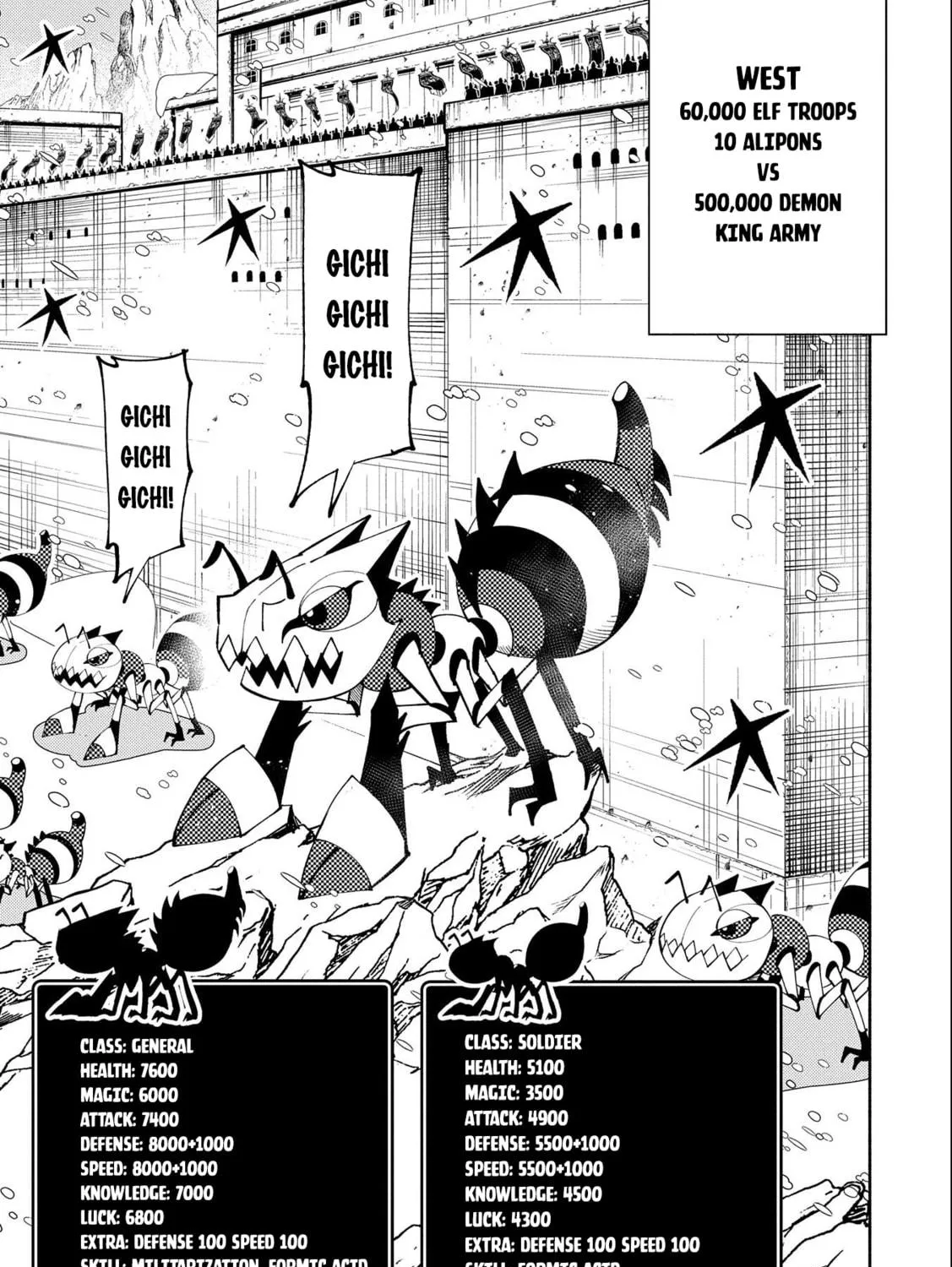 Hell Mode: Yarikomi Suki no Gamer wa Hai Settei no Isekai de Musou Suru Chapter 49 page 34 - 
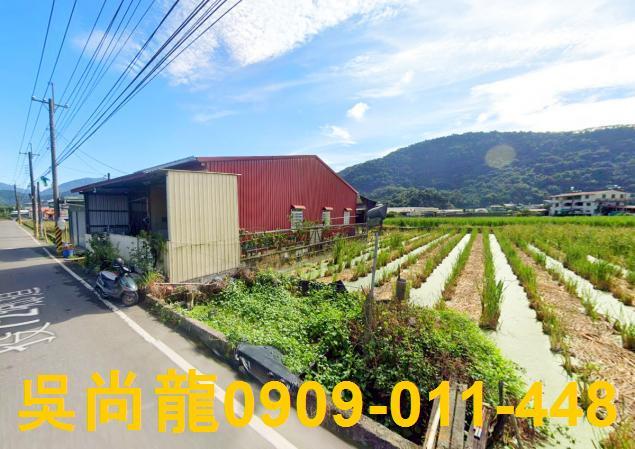 南投埔里法拍法拍屋-3
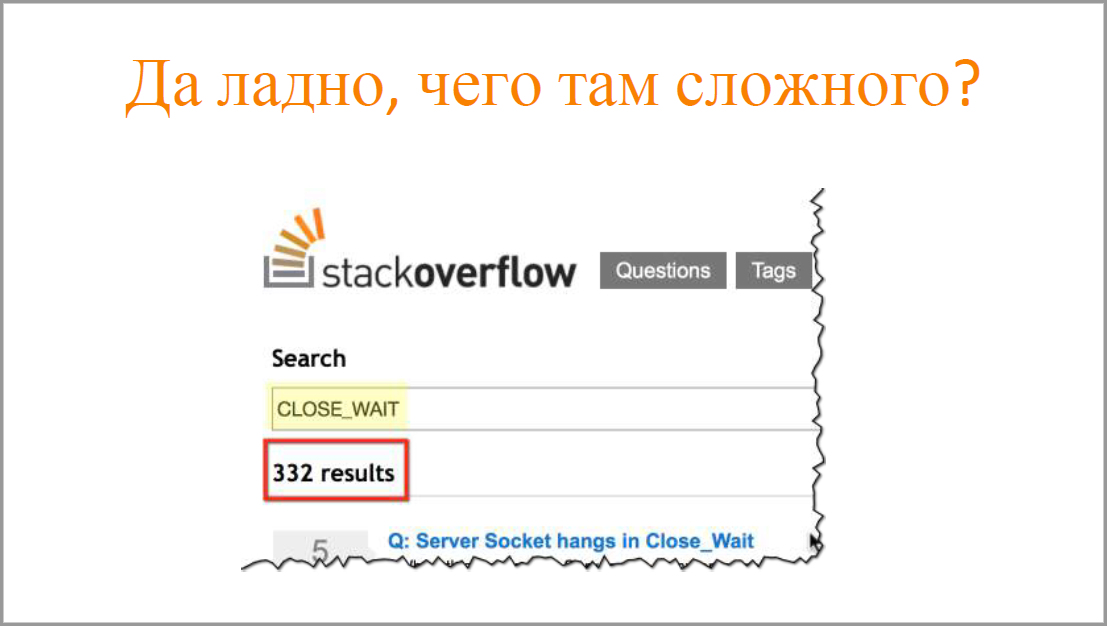 Анализ доклада Баруха Садогурского с JPoint 2015 - 8 Анализ доклада Баруха Садогурского с JPoint 2015 - 8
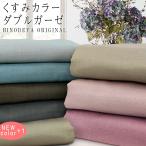 くすみ色 ふわふわ 綿 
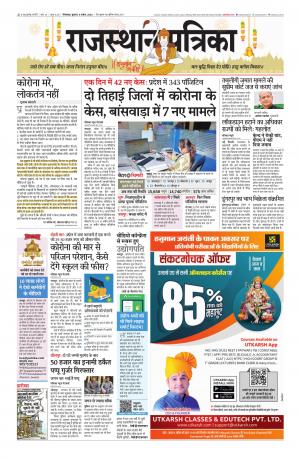 Bhilwara City Edition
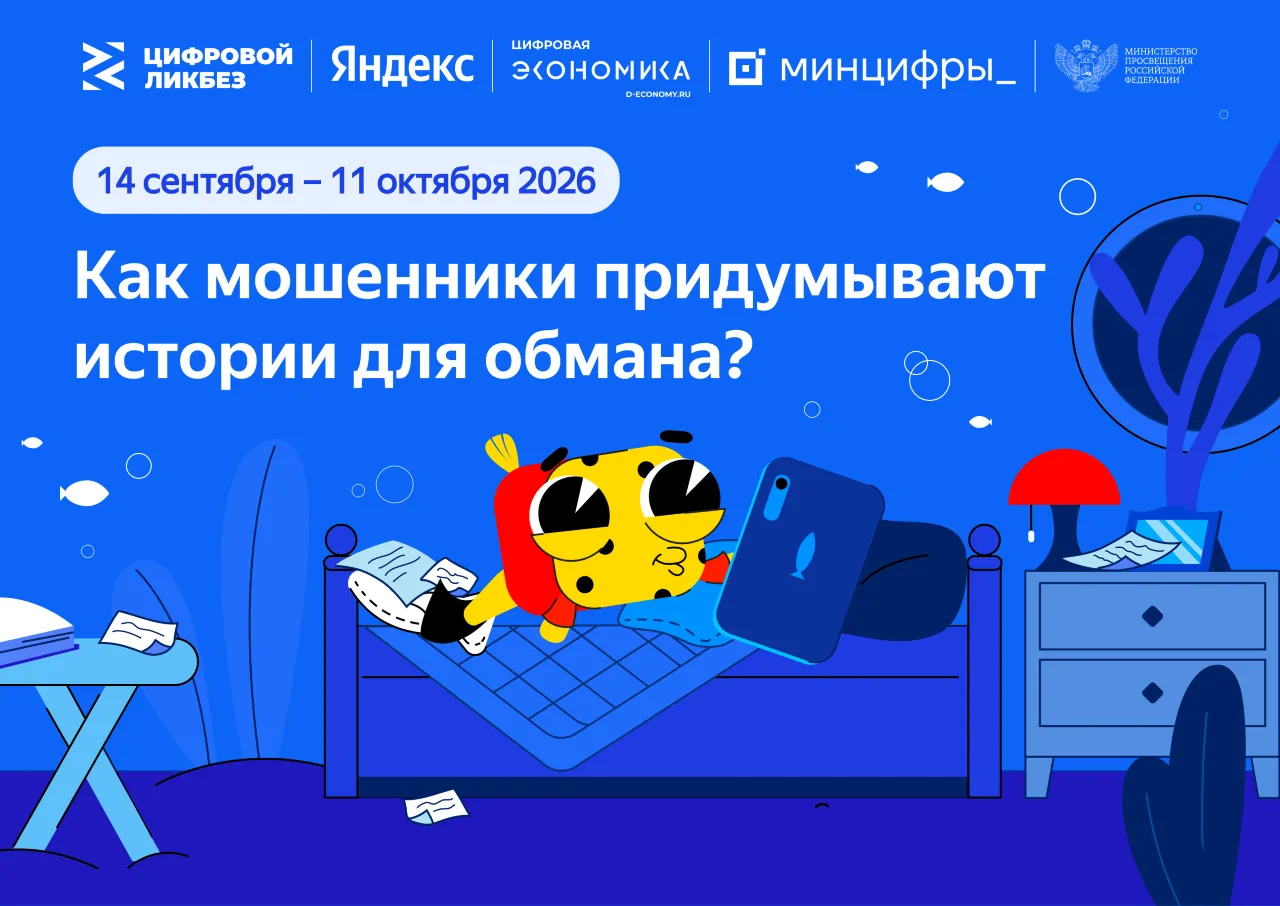 Как распознать мошеннические схемы: новый сезон «Цифрового ликбеза»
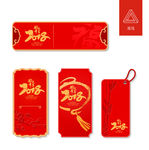 新年吊旗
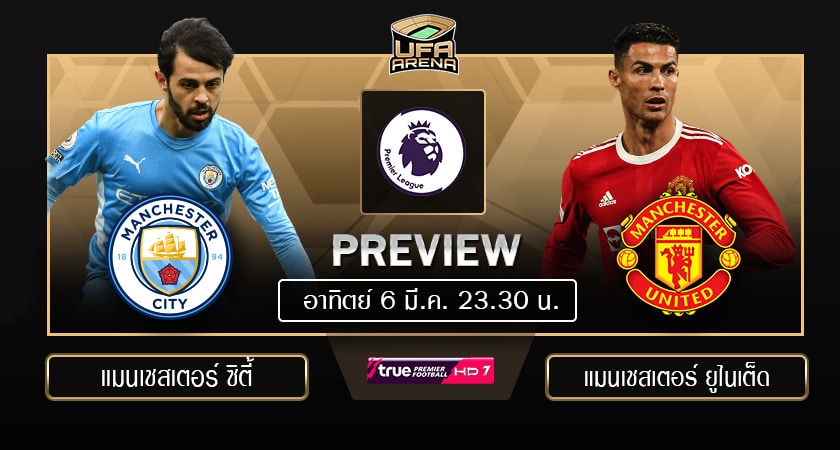 พรีวิว พรีเมียร์ลีก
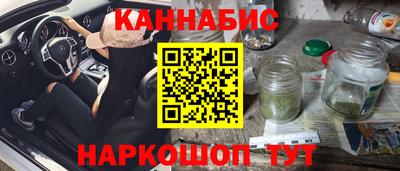 ALPHA-PVP Малгобек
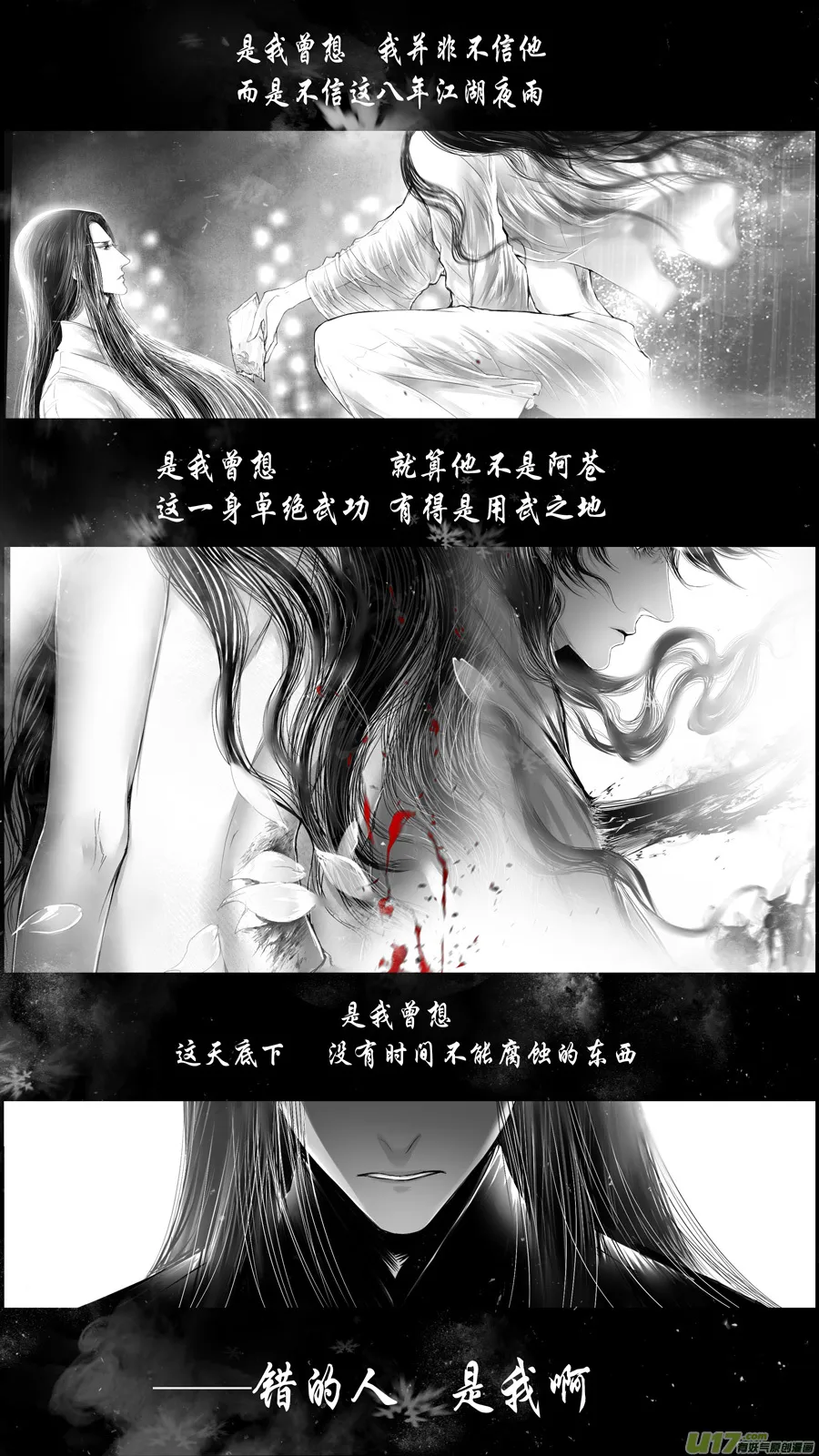 提携玉龙为君死 十六 第6页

Directions for this task ::
What is needed is an exact reprint of every entry, pictures excluded.

Completed task ::
 Hell Mode: Yarikomi Suki no Gamer wa Hai Settei no Isekai de Musou Suru Chapter 49 page 34 - 
 南投埔里法拍法拍屋-3
 Анализ доклада Баруха Садогурского с JPoint 2015 - 8 Анализ доклада Баруха Садогурского с JPoint 2015 - 8
 くすみ色 ふわふわ 綿 
 Bhilwara City Edition
 Как распознать мошеннические схемы: новый сезон «Цифрового ликбеза»
 新年吊旗
 พรีวิว พรีเมียร์ลีก
 ALPHA-PVP Малгобек
 提携玉龙为君死 十六 第6页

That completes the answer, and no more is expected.